After Labor's victory at the 2007 election, new Prime Minister Kevin Rudd appointed Crean to the Cabinet as Minister for Trade. In this role, Crean visited Singapore and Vietnam to pursue Australia's trade and economic interests at a range of ministerial and other high-level meetings. Crean also attended the APEC Meeting of Ministers Responsible for Trade and the OECD Roundtable on Sustainable Development on behalf of the Australian Government. Crean also co-chaired the 8th Joint Trade and Economic Cooperation Committee with the Vietnamese Minister of Planning and Investment Võ Hồng Phúc in Hanoi, leading to an improvement in the trading relationship between Australia and Vietnam.

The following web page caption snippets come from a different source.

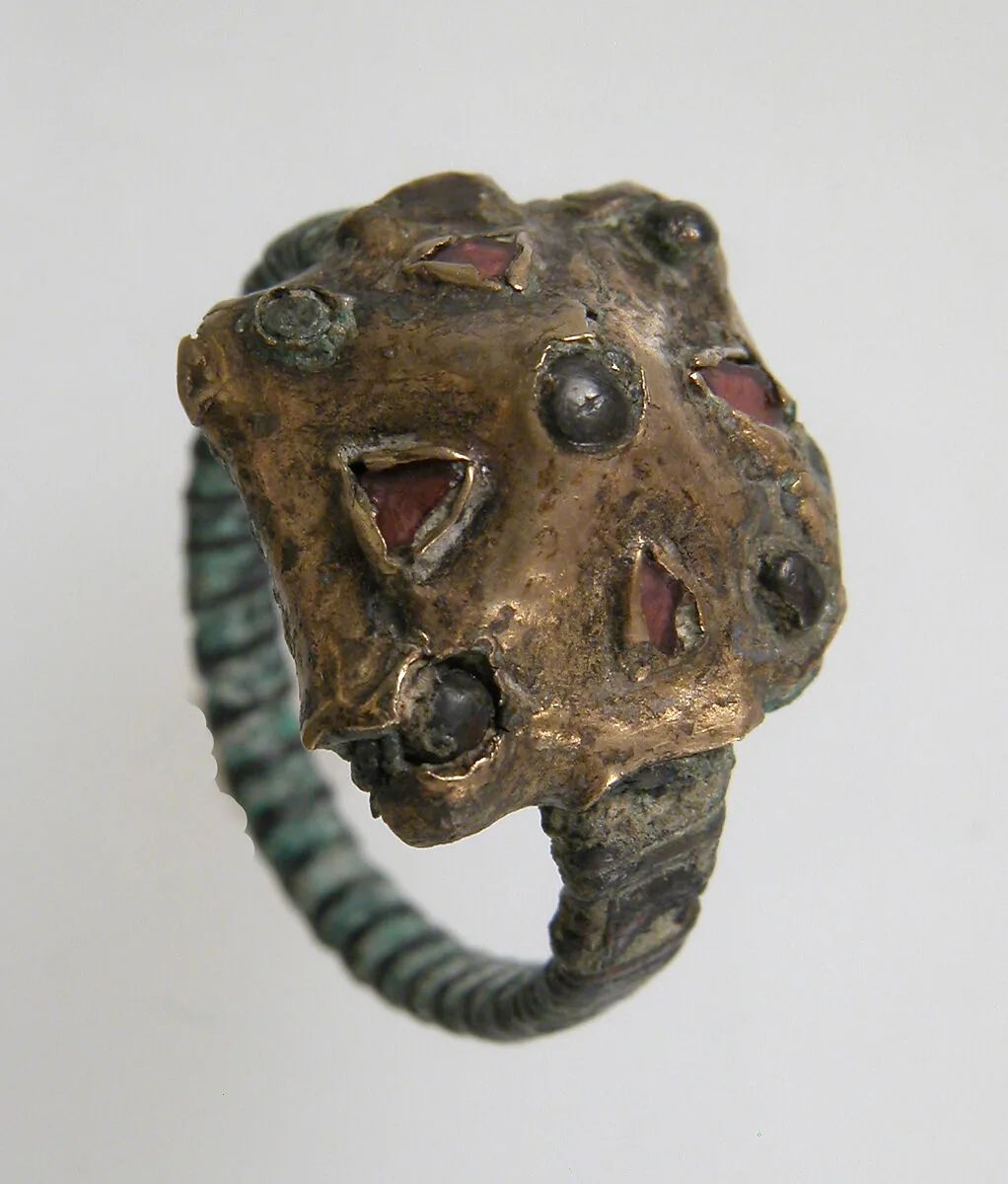 Finger Ring — Unknown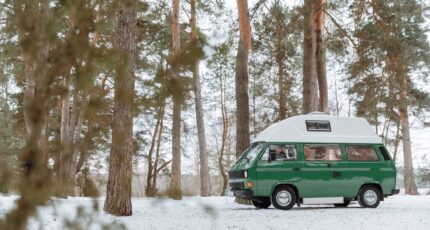 een foto van een camper in de sneeuw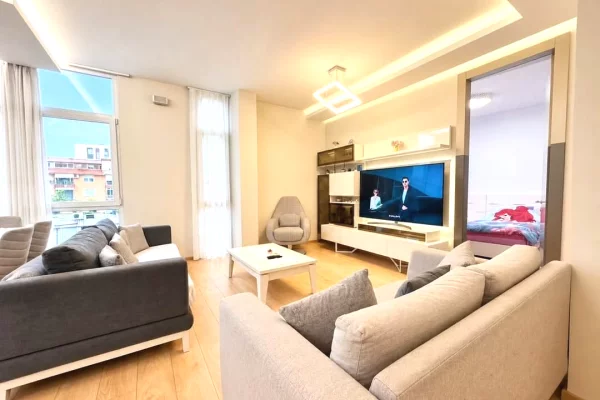 Shtepi ne shitje Apartament ne Tirane, 2+1, Mobilimi E mobiluar, Pagesa 330,000  Euro.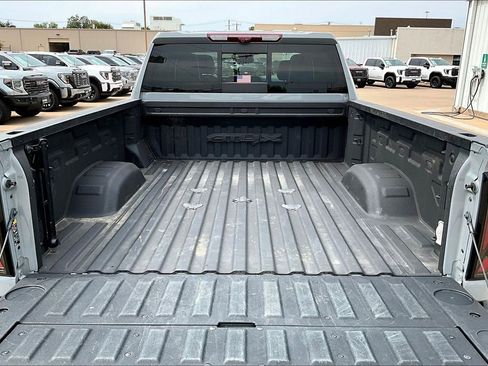 Used 2024 GMC Sierra 2500 AT4X image 37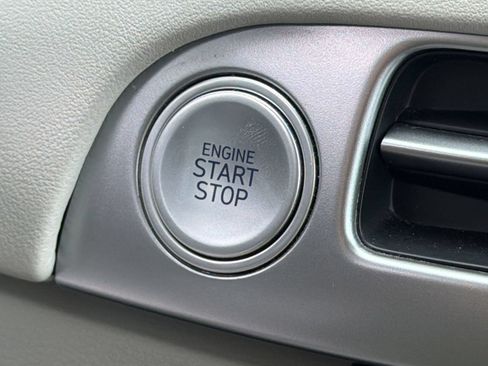 Used 2023 Hyundai Palisade Limited FWD image 17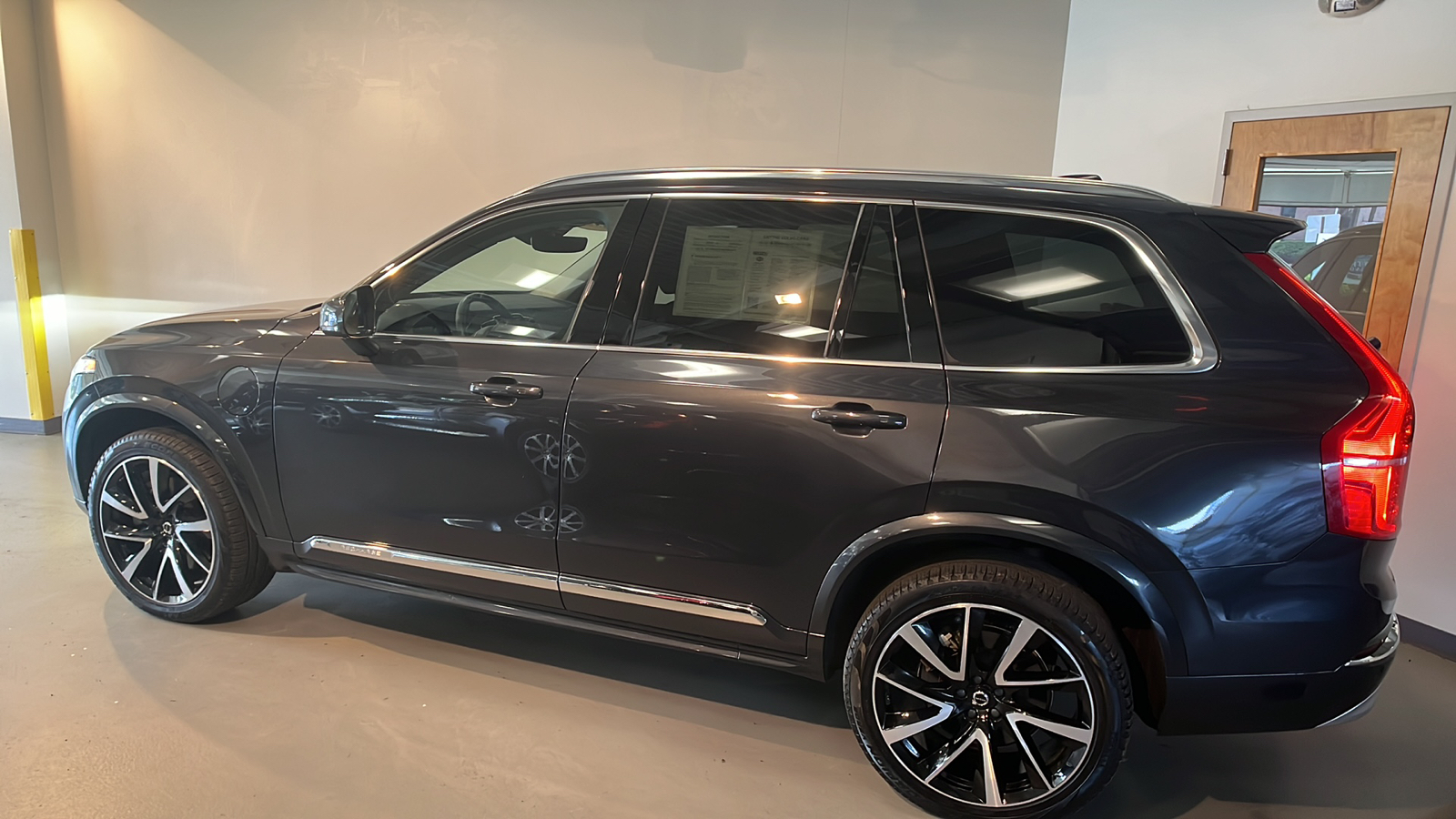 2022 Volvo XC90 Recharge Plug-In Hybrid T8 Inscription Expression 6 Passenger 2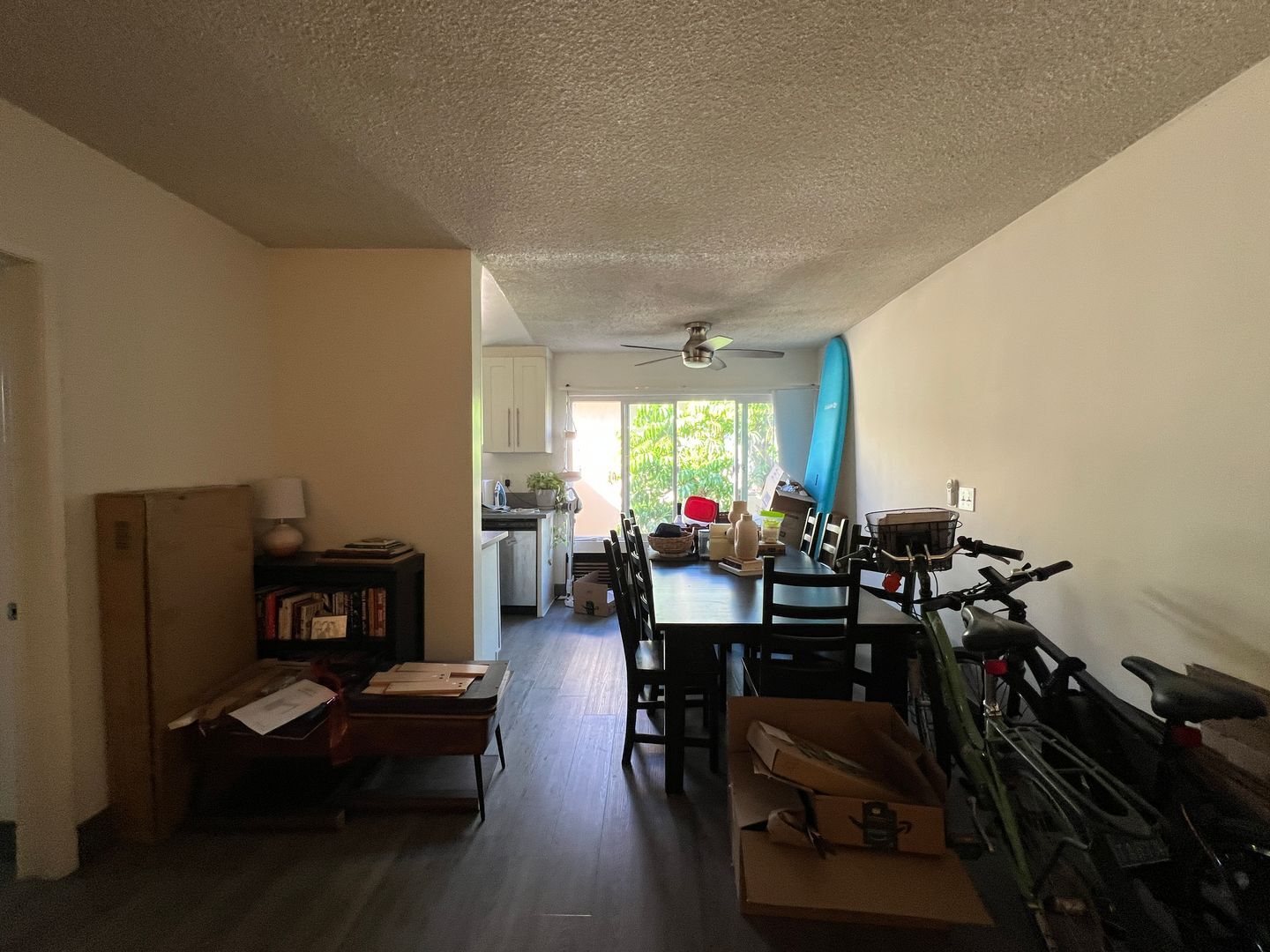 Building Photo - 3359 Mentone Ave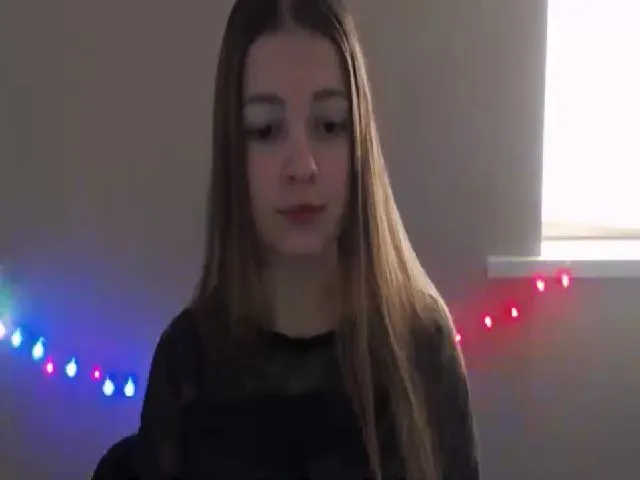 Live sex webcam photo for EmiStern #272158103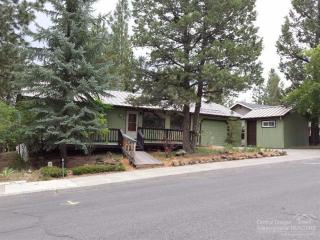 214 Maricopa Dr, Bend, OR 97702-1144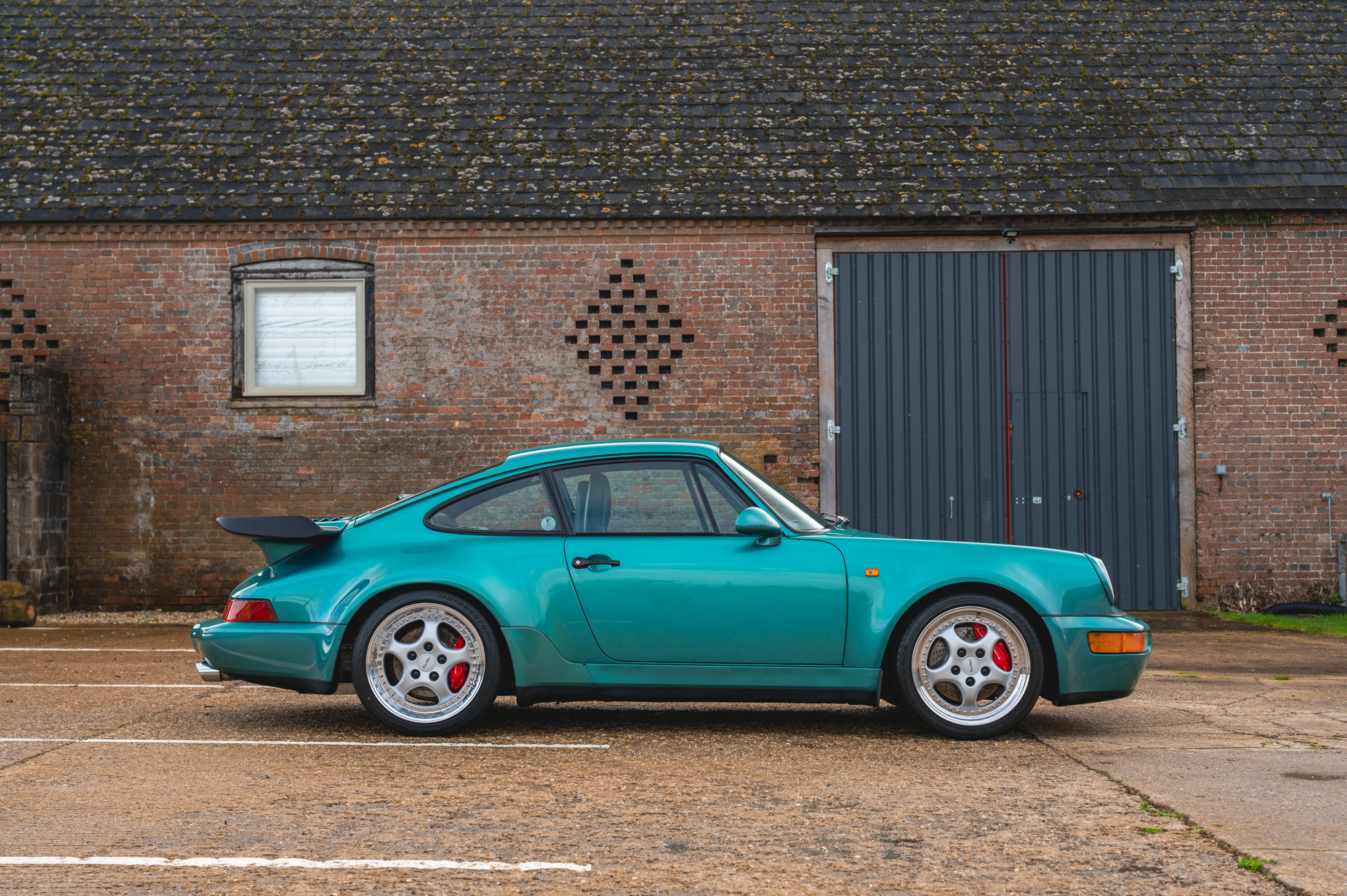 Mugello-Cars-Porsche-911-964-Turbo-3.6-15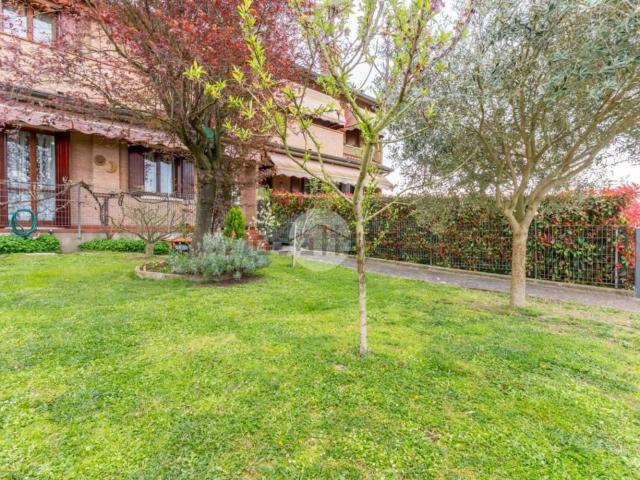 Casa in vendita a Ferrara, Reggio Emilia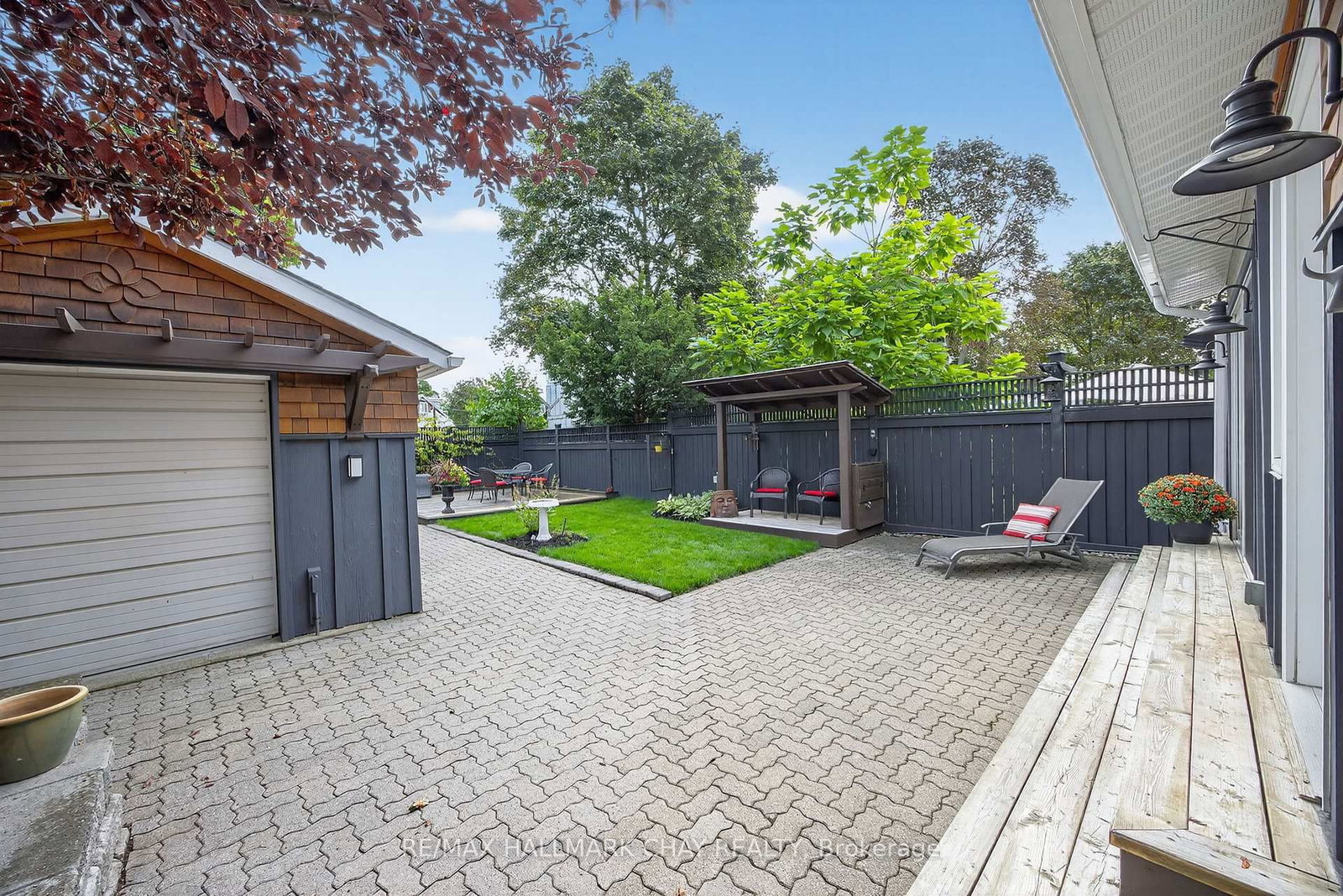 Detached House for sale at 53 Eccles Street, Barrie, Ontario, L4N 1Y3 - Queen's Park - MLS: S13000994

Following Julia Gillard's election unopposed as Prime Minister in June 2010, Crean was appointed to replace Gillard in the role of Minister for Education, Employment and Workplace Relations, with Stephen Smith taking over as Minister for Trade. After the 2010 election, Gillard reshuffled the Cabinet and appointed Crean as Minister for the Arts and Minister for Regional Development and Local Government.

On 21 March 2013, following significant leadership tensions arising from poor opinion polling, Crean called for Gillard to spill the leadership, with the aim of encouraging Rudd to challenge for the position of Prime Minister. This marked a change in Crean's position; he had long been a committed supporter of Gillard. Crean said he would challenge Wayne Swan for the role of Deputy Leader, if Rudd ran for the leadership. However, Rudd declined to run for the leadership, leaving Gillard to retain the leadership unopposed. Gillard quickly sacked Crean from the Cabinet, expressing publicly her disappointment at his "disloyalty" to her. Before his sacking, Crean had been one of the few federal politicians to have never spent a day on the backbench. After Rudd did eventually replace Gillard as Prime Minister in June 2013, Crean ran for the position of Deputy Leader but was defeated by Anthony Albanese by 61 votes to 38. Crean subsequently announced he would retire from politics at the 2013 election.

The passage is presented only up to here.